Fort Slocum's Final Remnant is Gone, But What Will Happen to Davids Island?
My newspaper had always covered it uncritically, treating it as just another development of merely local interest. But when they assigned me to start covering the environment, I looked at it differently, as a project that would at the very least change the landscape in that part of the Sound and might well have bigger impacts in the Sound itself. My coverage coincided with a rise in opposition to the project in New Rochelle's south end and in neighboring villages. It's impossible to say what was more influential, and the truth is both fed on each other: skeptical newspaper coverage fed citizens to oppose the project, and informed, active citizens encouraged me to keep examining the issue. Eventually, in 1991, I think, that particular proposal died.
New Rochelle still owns Davids Island. Westchester County has offered to buy it for $6.5 million, to turn it into a park. The U.S. Army Corps of Engineers has been dismantling and demolishing the remnants of Fort Slocum, including the 100-foot-tall water that was the island's most visible landmark.

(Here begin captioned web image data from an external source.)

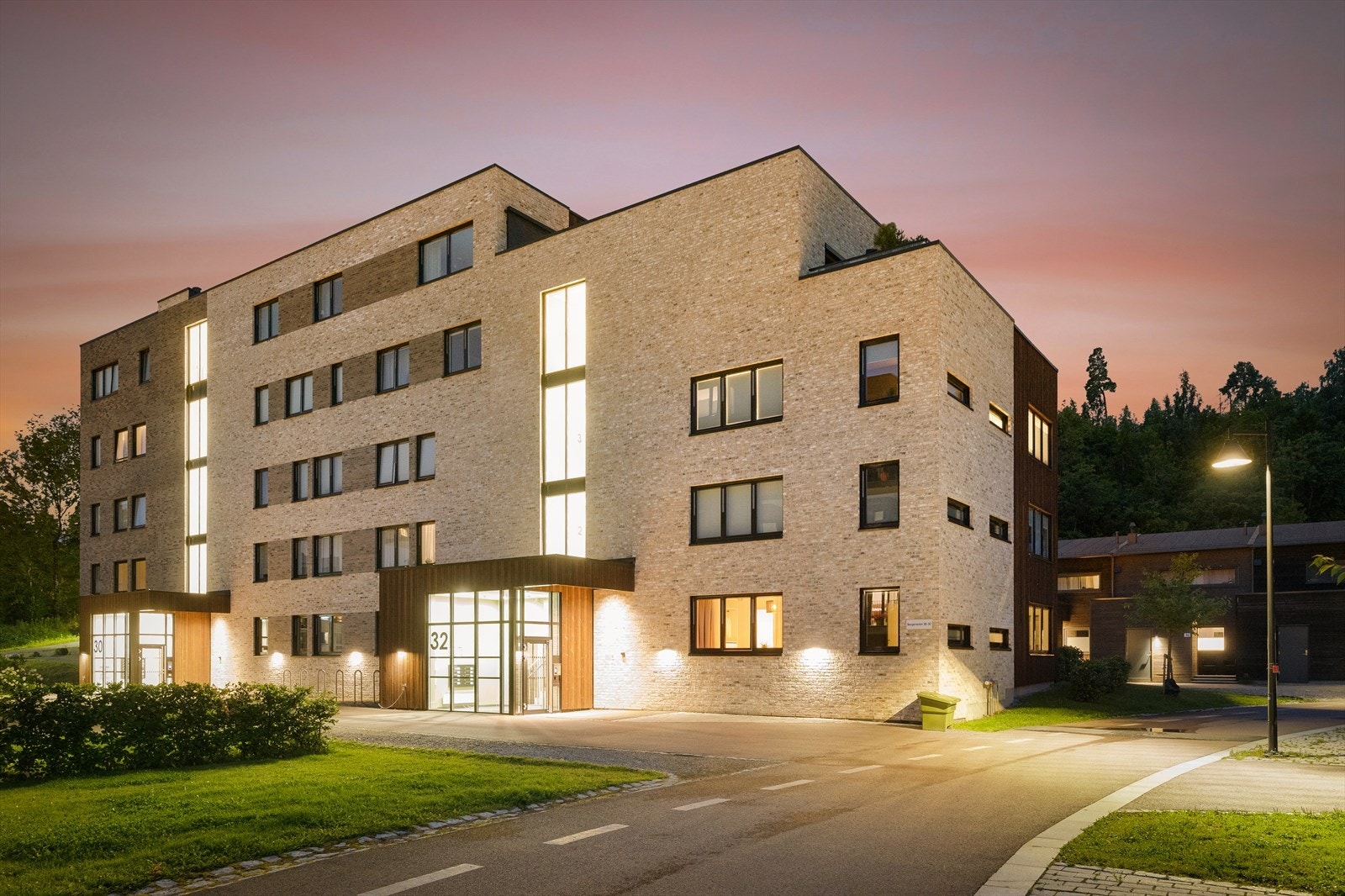 Fra boligen er det gangavstand til skoler, barnehager og gode servicetilbud. I tillegg er det kort vei til fjorden med båthavn og lokale badestrender. Holmen, Hvalstrand, Nesøya og Kalvøya har alle ettertraktede og familievennlige strender. Galleribilde
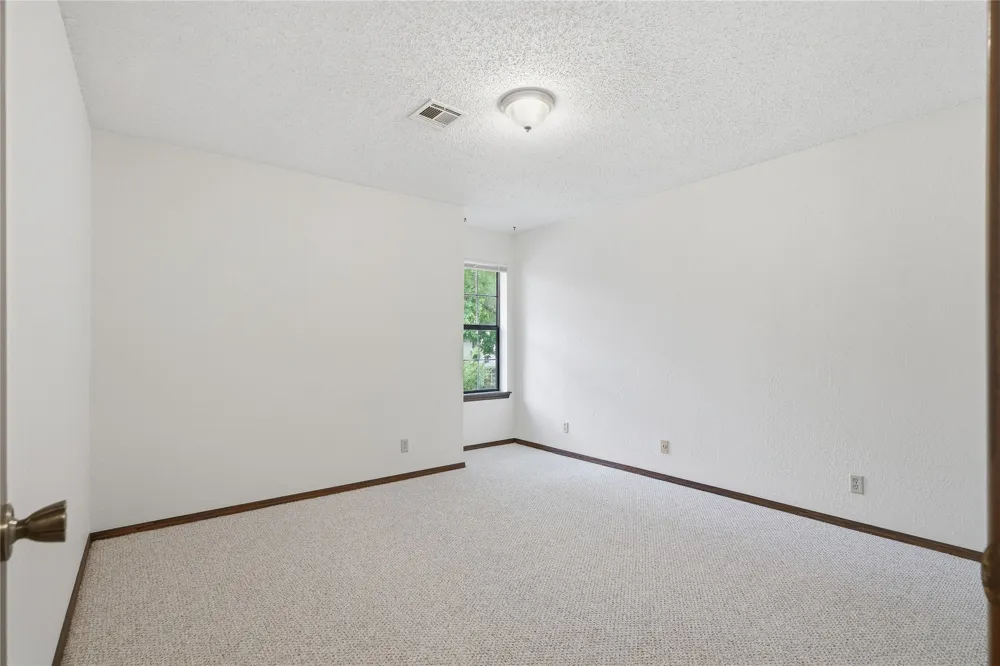 2842 E 90th Street #902 Tulsa, OK 74137
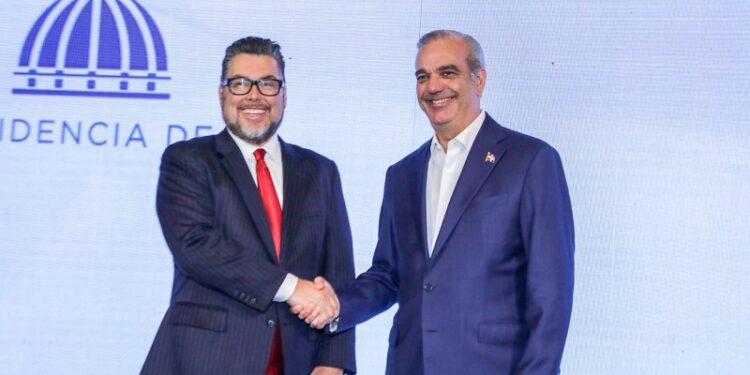 Abinader destaca RD quiere ser protagonista en el desarrollo de la tecnología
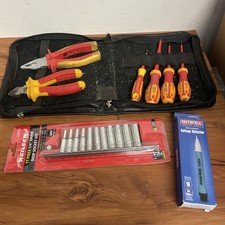 RS PRO Slotted Insulated Electrician Screwdriver Flat Head + Powerfix Snips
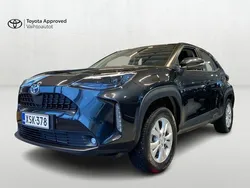Musta Käytetty 2024 Toyota Yaris Cross Active Katumaasturi | 28 990 € (Perustarjous)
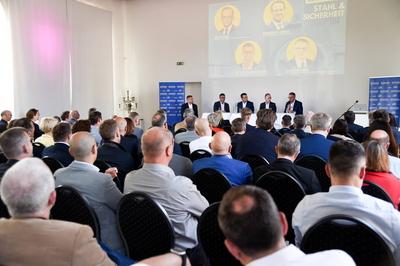 Podiumsdiskussion-stock-foto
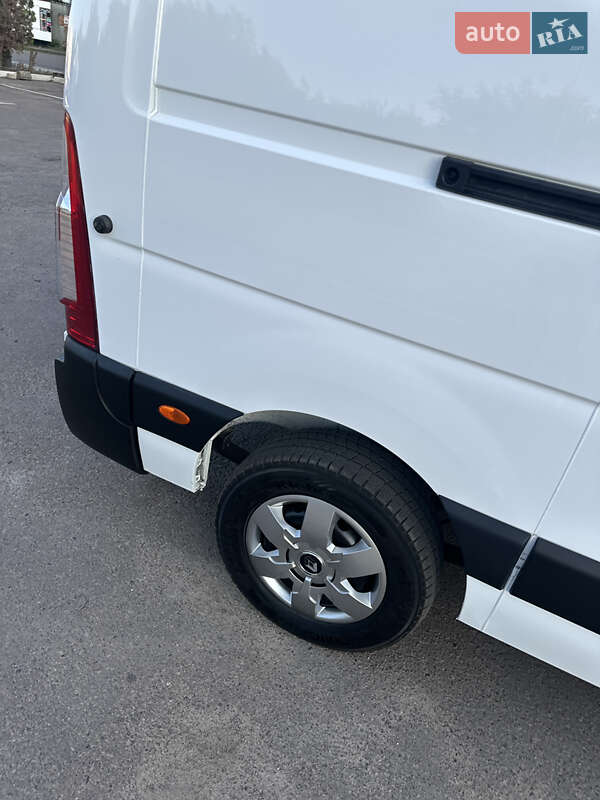 Вантажний фургон Renault Master 2020 в Дубні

The water tower finally came down yesterday, and the last structure to remain. The Journal News covered it and, time passing the way it does and memories being short, managed to not mention the development controversy which, looking back, was after all a short blip in time. But I agree with my friend Barbara Davis, the New Rochelle City Historian, who was among those in the late 1980s who did not want to see condos built on the island:
"There needs to be a great deal of public support," she said. "In the short term, what I hope is the great minds of Westchester will start thinking carefully about the future of the island for the best purposes of the public good. For it to be a viable ecosystem, it will take a tremendous amount of work."